2 . The power supply according to claim 1 ,
wherein as the input capacitor voltage is within an abnormal operation range, the ride through circuit boosts the input capacitor voltage according to the second control signal so as to output an output capacitor voltage, and the output capacitor voltage is larger than the input capacitor voltage; wherein as the input capacitor voltage is lower than a lower bound of the abnormal operation range, the ride through circuit stops working and further turns off the power supply.

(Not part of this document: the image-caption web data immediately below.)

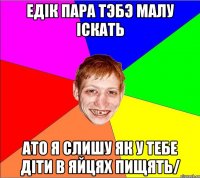 едiк пара тэбэ малу iскать ато я слишу як у тебе дiти в яйцях пищять/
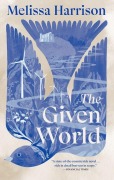 Cover-Bild zum Titel 'The Given World' von 'Melissa Harrison'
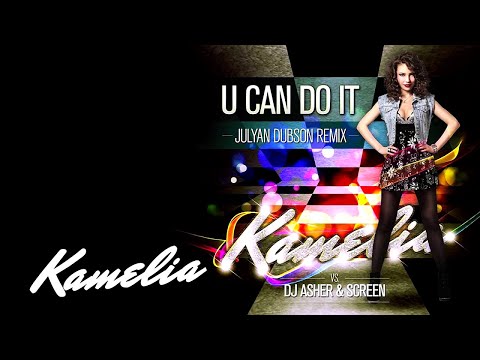 Kamelia vs. Dj Asher & ScreeN - U Can Do It | Julyan Dubson Remix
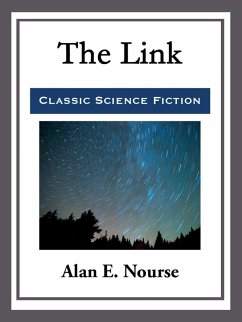 The Link (eBook, ePUB) - Nourse, Alan E.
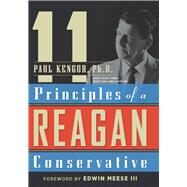 11 Principles of a Reagan Conservative by Kengor, Paul; Meese, Edwin, 9780825308284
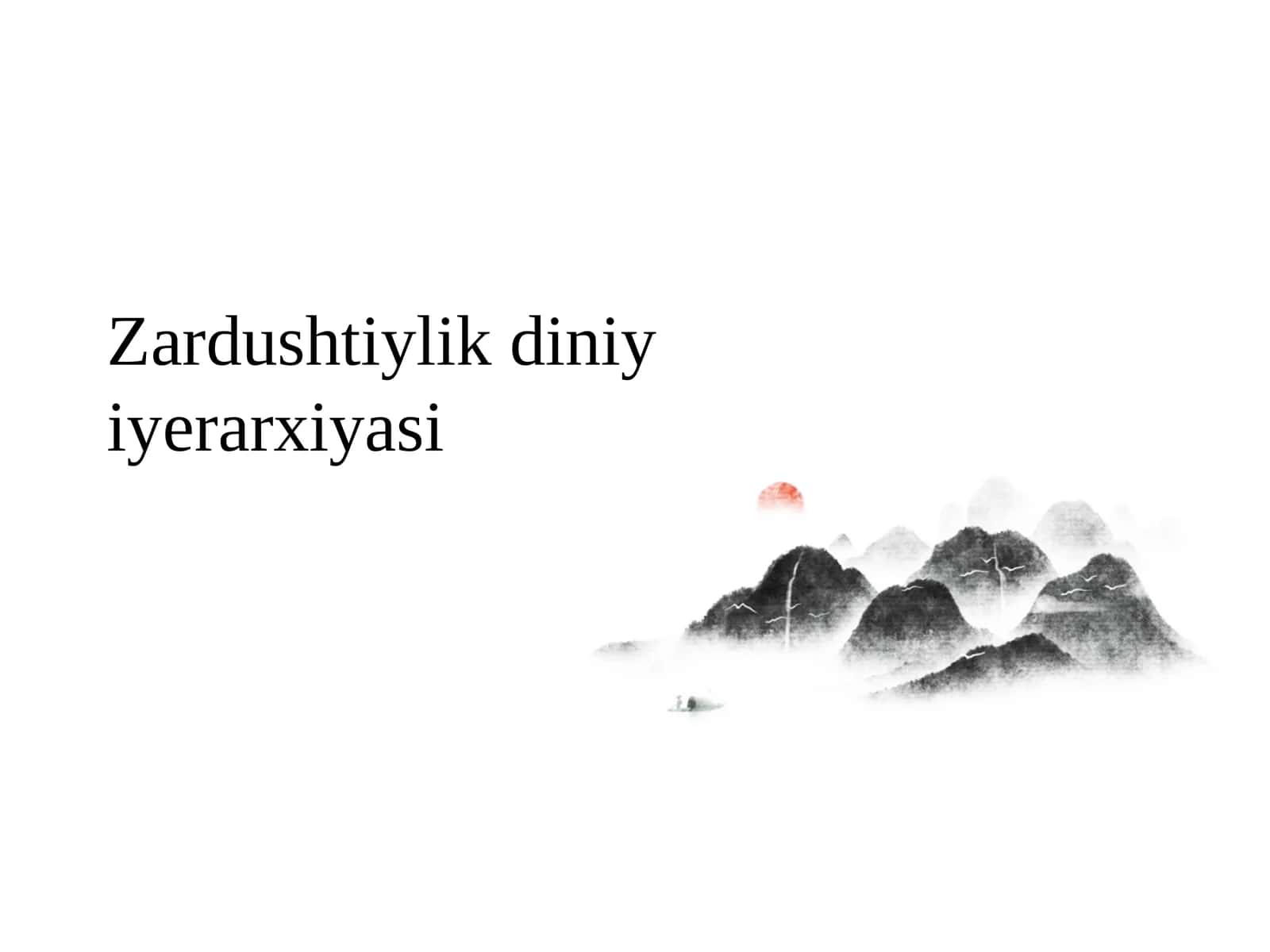 Zardushtiylik diniy iyerarxiyasi 1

3 . The power supply according to claim 1 , wherein the ride through circuit comprises:
a first switch, having one end connected to one end of the first capacitor to receive the first control signal and determines a turn-on state or a turn-off state according to the first control signal; a first inductor, having one end connected to one end of the first switch; a first diode, having an anode connected to another end of the first inductor and having a cathode connected to another end of the first switch; a second switch, having one end connected to the anode of the first diode to receive the second control signal and to determine a turn-on state or a turn-off state according to the second control signal; and an output energy-storing capacitor, having one end connected to another end of the first switch and having another end connected to the second switch and another end of the first capacitor; wherein as the first switch is turned on, the input energy-storing capacitor and the output energy-storing capacitor connects to each other for reducing the voltage fluctuation of the output energy-storing capacitor.
4 . The power supply according to claim 3 , wherein as the input capacitor voltage is within the normal operation range, the first switch receives the first control signal at a high voltage level and the second switch receives the second control signal at a low voltage level, such that the output energy-storing capacitor generates the output capacitor voltage via the first switch to make the DC-to-DC converter work normally.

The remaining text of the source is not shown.